TASK DIRECTIONS:
All of the data should be restated word for word, with the pictures omitted.

MATERIAL PROVIDED:
________________

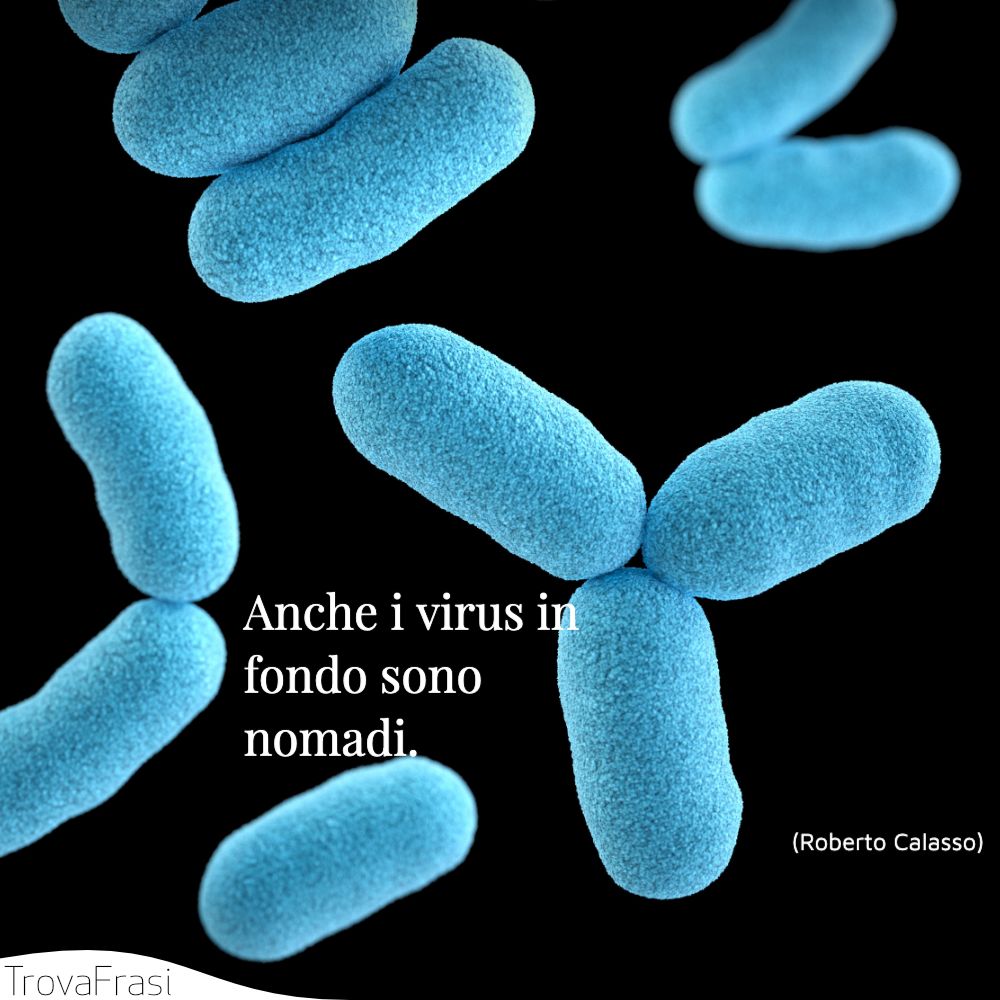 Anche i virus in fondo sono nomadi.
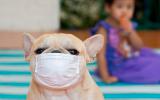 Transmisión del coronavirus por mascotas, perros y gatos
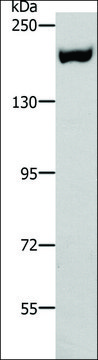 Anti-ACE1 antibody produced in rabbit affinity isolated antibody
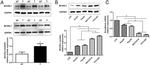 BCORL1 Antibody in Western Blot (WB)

________________

OUTPUT OF THE TASK:
 Anche i virus in fondo sono nomadi.
 Transmisión del coronavirus por mascotas, perros y gatos
 Anti-ACE1 antibody produced in rabbit affinity isolated antibody
 BCORL1 Antibody in Western Blot (WB)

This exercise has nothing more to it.